The SPP was placed under dual leadership on 3 September 1951, when the Central People's Government Council adopted regulations governing the SPP's work and that of lower-level procuratorates. The "General Regulations Governing the Organisation of Offices of People's Procurators of Various Levels" stipulated dual leadership in the form of lower-level procuratorates being accountable to the government council at the corresponding level and to the procuratorate's office above. This replaced the old system of vertical accountability, in which lower-level procuratorates were only accountable to the level above. The change was legitimised by the fact that the old vertical structure had been difficult to enforce. However, with the adoption of the "Organic Law of the People's Procuratorates" on 21 September 1954, vertical leadership was reintroduced due to the perceived low quality level of cadres at lower levels. When the organic law was amended again in 1979, dual leadership was reinstituted. This entails that the procuratorates, instead of being independent of politics, are political organs responsible to the state organs of power at the corresponding level and the procuratorate above. Despite being accountable to both, the SPP leads a unified system of procuratorial organs in a unified manner in line with democratic centralism, and this process is known as procuratorial integration. This means that the SPP can issue directives and mandates to procuratorates at all levels of governance.

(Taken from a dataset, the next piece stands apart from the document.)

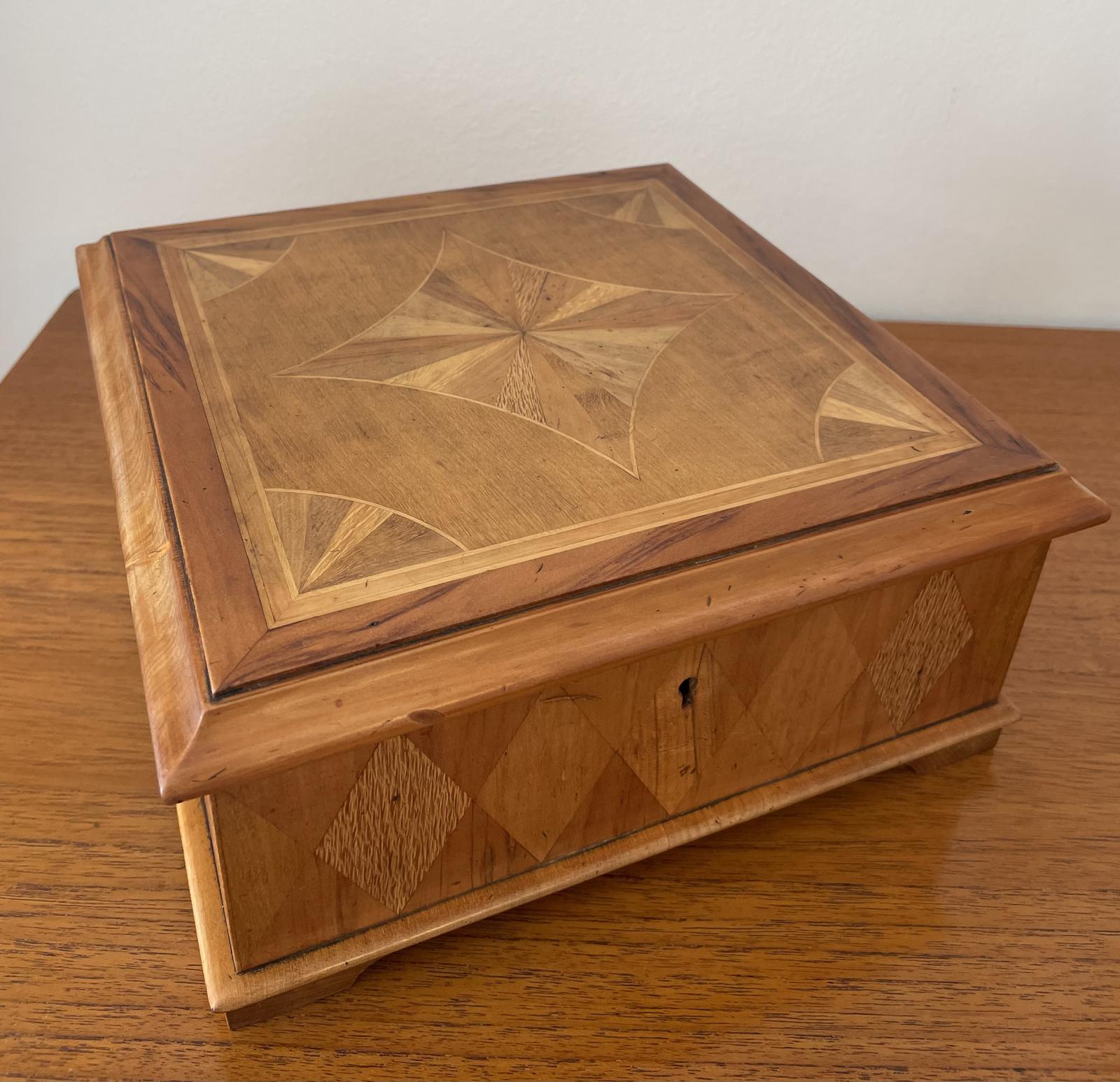 Table Box with New Zealand Specimen Woods (1 of 13)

This dual leadership framework extends beyond judicial and disciplinary organs to key administrative departments. In China, entities such as the public security organs and departments, audit organs, and statistical organs operate under a dual leadership system, with professional and operational guidance led by the superior organ. While lower-level organs retain primary authority over general cadre management, the appointment of their principal leaders requires consultation or consent from the superior department, institutionalizing a vertical check within the personnel system.

==Soviet Union==
In the economic sphere, centralisation in the form of dual subordination was a key feature of the Soviet state. For example, a financial department of a city state organ of power in the Soviet Union was horizontally accountable to the city state organ of power and vertically accountable to the provincial finance department. However, in the case of the state budget process, the finance department was, in reality, more beholden vertically than horizontally. However, other departments could be more beholden horizontally than vertically: it depended on how important the central state authorities deemed the process to be. Thus, lower-level finance departments did not campaign for local self-interests within the Ministry of Finance. Soviet scholar Grant Ayvazyan. a specialist on the Soviet state budget process, noted, "‘Dual subordination with regard to local financial organs has a greater degree of vertical subordination compared to other departments and administrations of the [permanent organs]."